= Beginning of Section =

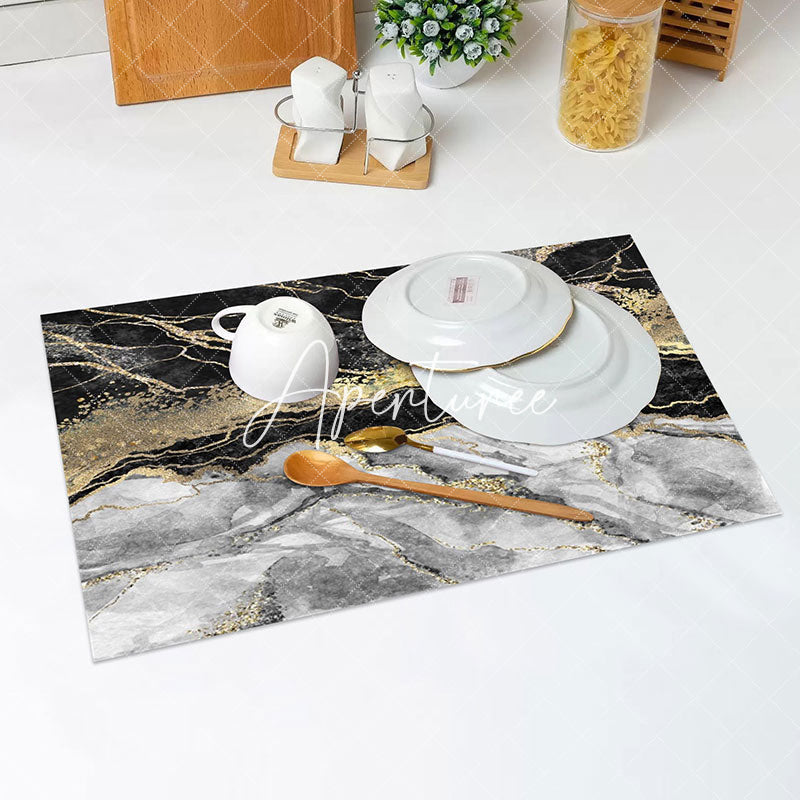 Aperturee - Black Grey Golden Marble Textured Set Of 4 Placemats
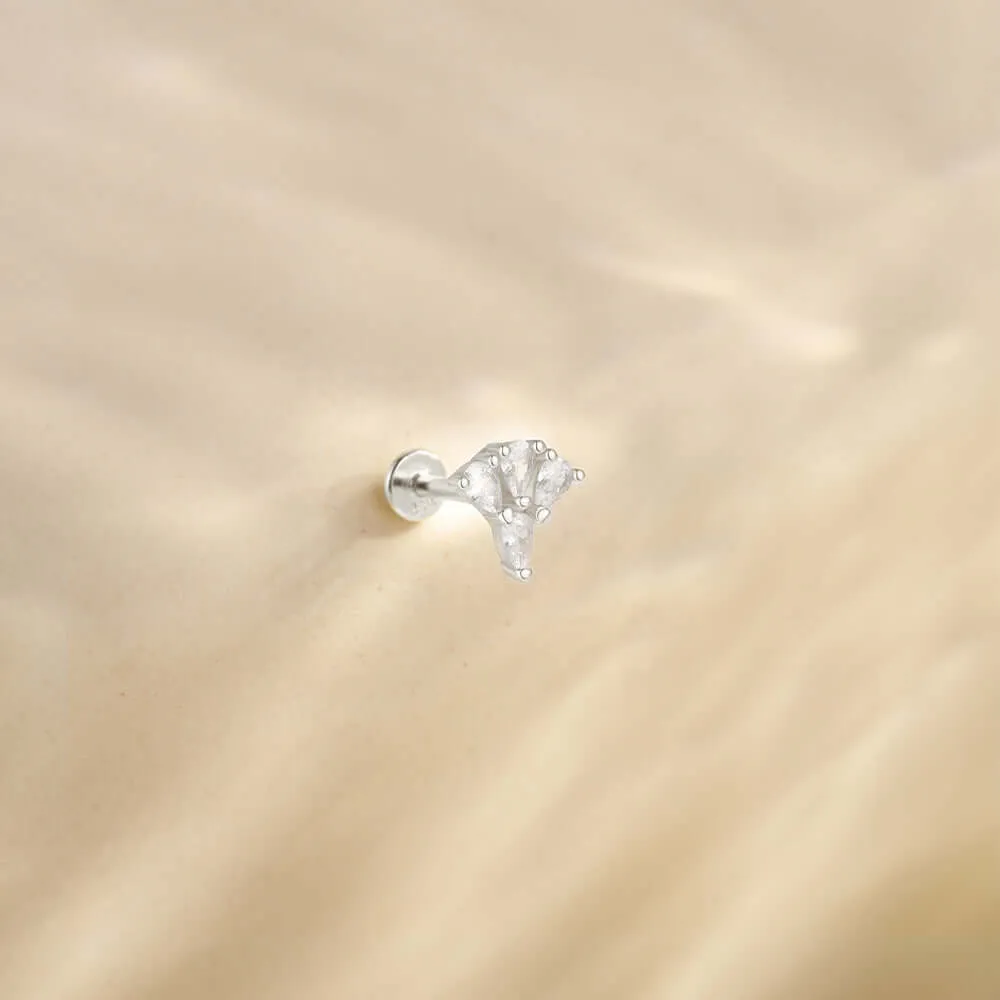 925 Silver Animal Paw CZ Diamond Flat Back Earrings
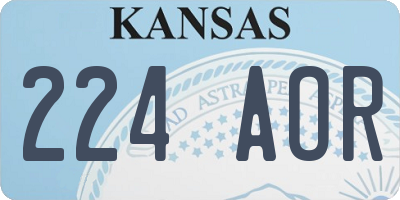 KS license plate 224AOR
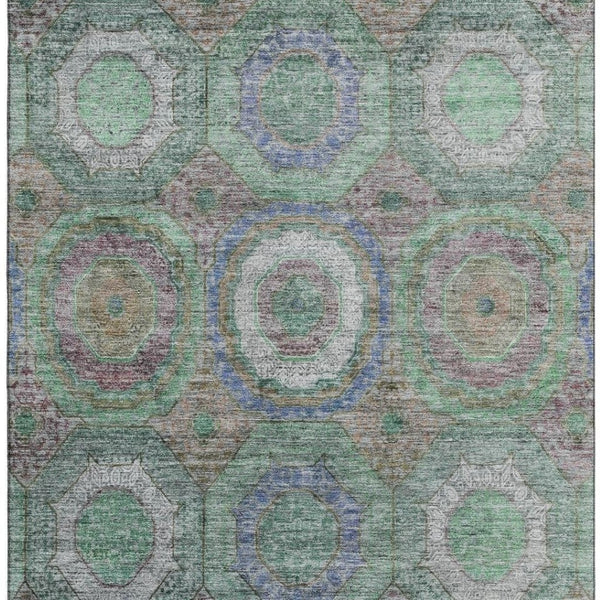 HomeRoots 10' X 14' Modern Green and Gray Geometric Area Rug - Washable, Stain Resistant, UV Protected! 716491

= End of Section =

▶ ASSIGNED TASK
Could all the data above be given again exactly, leaving out its images?

▶ YOUR SOLUTION
 Aperturee - Black Grey Golden Marble Textured Set Of 4 Placemats
 925 Silver Animal Paw CZ Diamond Flat Back Earrings
 KS license plate 224AOR
 HomeRoots 10' X 14' Modern Green and Gray Geometric Area Rug - Washable, Stain Resistant, UV Protected! 716491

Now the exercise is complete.